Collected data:
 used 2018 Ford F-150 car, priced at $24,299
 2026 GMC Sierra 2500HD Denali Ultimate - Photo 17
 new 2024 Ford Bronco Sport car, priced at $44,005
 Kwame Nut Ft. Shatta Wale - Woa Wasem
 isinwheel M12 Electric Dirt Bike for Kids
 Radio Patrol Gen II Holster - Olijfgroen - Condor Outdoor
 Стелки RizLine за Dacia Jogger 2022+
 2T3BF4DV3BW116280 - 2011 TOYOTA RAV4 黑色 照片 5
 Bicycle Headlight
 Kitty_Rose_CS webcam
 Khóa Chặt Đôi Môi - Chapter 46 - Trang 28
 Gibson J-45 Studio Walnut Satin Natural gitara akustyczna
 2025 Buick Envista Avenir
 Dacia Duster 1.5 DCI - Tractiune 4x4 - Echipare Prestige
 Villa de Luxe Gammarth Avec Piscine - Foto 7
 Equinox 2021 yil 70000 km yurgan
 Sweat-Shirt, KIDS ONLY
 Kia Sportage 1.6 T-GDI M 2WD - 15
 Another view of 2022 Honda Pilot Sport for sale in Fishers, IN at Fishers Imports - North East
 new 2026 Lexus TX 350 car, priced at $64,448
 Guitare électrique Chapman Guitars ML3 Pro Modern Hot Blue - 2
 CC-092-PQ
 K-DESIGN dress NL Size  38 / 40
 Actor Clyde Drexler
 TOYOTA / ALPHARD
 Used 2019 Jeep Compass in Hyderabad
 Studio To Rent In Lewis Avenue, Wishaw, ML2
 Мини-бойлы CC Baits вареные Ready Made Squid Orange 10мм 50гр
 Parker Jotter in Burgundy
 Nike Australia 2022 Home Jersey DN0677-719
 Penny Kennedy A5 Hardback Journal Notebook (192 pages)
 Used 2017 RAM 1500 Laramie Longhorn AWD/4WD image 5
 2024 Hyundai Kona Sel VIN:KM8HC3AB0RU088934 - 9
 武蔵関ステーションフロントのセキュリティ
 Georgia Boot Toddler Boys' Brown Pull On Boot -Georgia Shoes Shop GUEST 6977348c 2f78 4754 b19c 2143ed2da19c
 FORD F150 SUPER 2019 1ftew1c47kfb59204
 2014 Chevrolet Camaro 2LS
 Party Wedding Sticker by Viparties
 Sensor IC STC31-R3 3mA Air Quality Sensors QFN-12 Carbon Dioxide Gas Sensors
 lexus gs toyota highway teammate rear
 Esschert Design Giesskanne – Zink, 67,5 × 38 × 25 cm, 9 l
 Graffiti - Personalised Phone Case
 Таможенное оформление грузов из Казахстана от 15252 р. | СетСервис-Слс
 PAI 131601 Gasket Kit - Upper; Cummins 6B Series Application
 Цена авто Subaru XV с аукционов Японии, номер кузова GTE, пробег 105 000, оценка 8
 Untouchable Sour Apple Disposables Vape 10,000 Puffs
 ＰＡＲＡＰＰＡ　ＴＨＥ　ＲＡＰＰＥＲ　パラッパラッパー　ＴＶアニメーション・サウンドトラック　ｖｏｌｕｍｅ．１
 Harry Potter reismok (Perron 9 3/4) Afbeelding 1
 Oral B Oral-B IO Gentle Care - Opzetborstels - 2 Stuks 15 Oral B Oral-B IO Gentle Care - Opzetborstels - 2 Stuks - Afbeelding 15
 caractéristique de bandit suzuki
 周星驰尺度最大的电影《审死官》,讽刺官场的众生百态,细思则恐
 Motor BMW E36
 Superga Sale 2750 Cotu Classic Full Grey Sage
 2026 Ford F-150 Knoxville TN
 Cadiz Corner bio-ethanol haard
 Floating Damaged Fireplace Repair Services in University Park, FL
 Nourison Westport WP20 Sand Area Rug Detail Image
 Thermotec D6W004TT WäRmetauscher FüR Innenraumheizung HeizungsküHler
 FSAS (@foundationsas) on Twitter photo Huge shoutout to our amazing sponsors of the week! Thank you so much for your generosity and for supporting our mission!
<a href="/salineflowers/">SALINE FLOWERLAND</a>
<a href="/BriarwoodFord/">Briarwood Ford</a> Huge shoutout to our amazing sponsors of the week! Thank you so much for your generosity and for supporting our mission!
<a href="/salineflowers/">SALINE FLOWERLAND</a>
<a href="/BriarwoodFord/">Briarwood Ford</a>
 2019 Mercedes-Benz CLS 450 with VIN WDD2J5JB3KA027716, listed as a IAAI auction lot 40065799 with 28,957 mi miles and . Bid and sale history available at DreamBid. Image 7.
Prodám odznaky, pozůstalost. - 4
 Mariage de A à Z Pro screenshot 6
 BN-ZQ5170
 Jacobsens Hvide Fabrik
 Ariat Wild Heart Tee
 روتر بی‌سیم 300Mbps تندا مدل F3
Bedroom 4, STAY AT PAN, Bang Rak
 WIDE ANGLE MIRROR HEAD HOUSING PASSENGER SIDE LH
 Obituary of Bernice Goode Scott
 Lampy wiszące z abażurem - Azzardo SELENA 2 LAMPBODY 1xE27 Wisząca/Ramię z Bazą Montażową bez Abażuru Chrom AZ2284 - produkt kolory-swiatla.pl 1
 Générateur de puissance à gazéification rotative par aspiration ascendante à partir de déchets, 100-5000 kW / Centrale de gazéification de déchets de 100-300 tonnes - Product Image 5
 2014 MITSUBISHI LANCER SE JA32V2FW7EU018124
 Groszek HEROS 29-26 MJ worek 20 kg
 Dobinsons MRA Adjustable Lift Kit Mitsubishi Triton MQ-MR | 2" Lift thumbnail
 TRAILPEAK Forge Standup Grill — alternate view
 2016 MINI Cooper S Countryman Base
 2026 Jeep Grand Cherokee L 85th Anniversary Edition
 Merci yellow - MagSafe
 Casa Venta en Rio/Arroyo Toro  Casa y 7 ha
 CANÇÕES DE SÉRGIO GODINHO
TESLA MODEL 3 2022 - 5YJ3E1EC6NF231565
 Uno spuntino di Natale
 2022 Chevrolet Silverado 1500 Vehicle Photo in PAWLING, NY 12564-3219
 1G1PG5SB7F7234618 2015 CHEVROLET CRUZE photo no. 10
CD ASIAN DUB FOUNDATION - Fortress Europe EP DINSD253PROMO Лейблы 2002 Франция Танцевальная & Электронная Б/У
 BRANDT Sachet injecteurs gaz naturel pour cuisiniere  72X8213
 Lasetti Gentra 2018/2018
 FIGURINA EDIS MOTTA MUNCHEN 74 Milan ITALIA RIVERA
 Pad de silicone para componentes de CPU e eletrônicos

Problem requirements: Extract the first line above and each line after it up to and including the one with "Radio Patrol Gen", please, exactly and with nothing else.

Exercise solution:
 used 2018 Ford F-150 car, priced at $24,299
 2026 GMC Sierra 2500HD Denali Ultimate - Photo 17
 new 2024 Ford Bronco Sport car, priced at $44,005
 Kwame Nut Ft. Shatta Wale - Woa Wasem
 isinwheel M12 Electric Dirt Bike for Kids
 Radio Patrol Gen II Holster - Olijfgroen - Condor Outdoor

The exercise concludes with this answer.